Work instruction: The full listing, exactly as written and with no images, is the expected output.

──────── Information shown

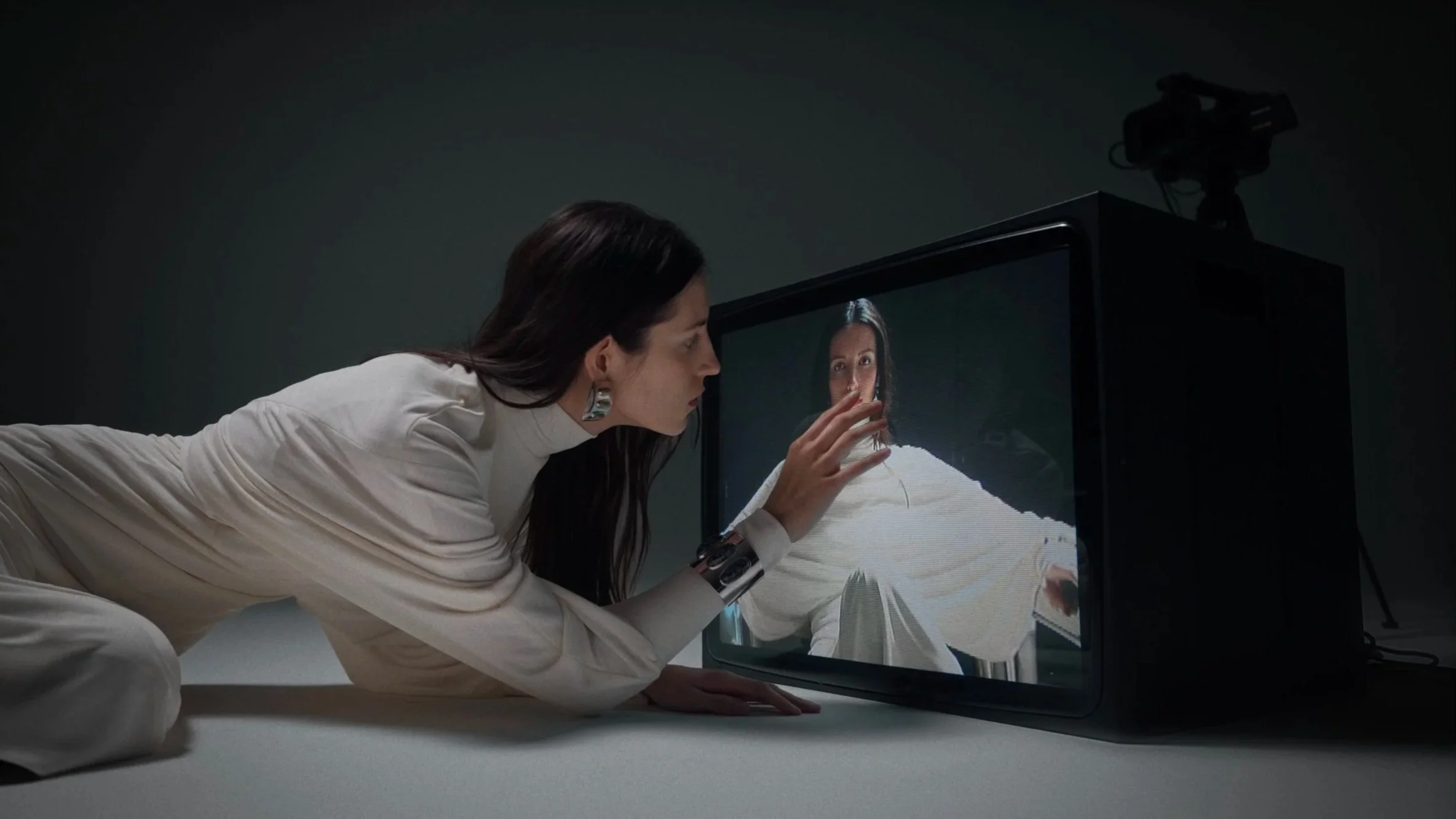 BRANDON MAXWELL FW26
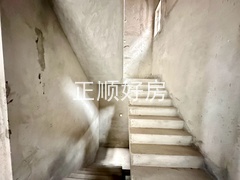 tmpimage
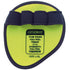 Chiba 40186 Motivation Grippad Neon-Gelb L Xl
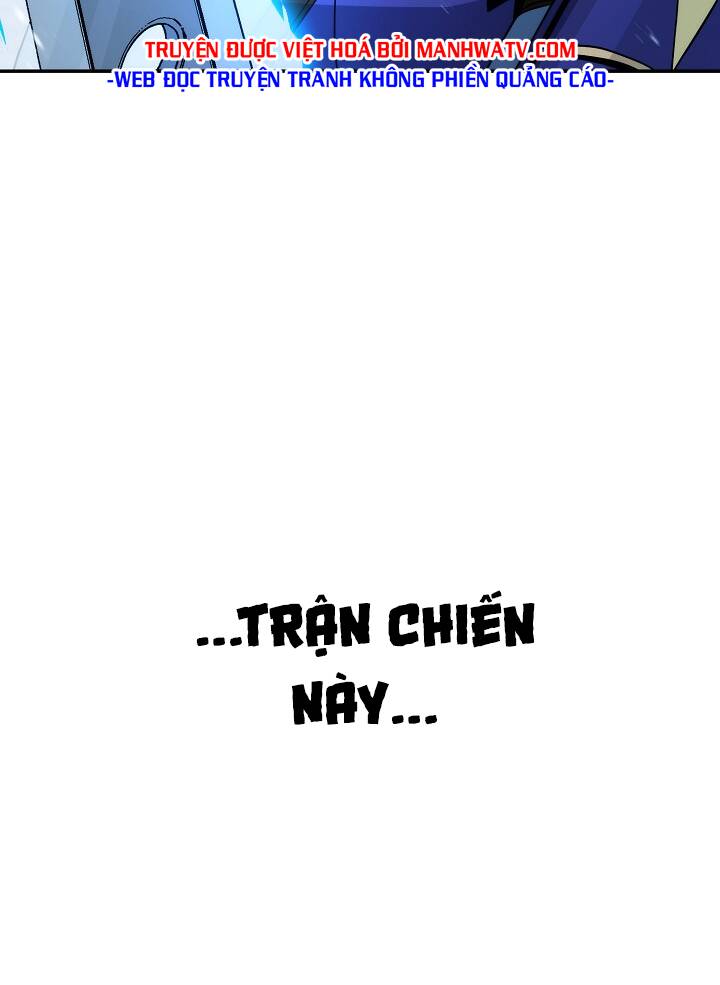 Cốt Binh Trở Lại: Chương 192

────────────────

Solution to this problem:
 BRANDON MAXWELL FW26
 tmpimage
 Chiba 40186 Motivation Grippad Neon-Gelb L Xl
 Cốt Binh Trở Lại: Chương 192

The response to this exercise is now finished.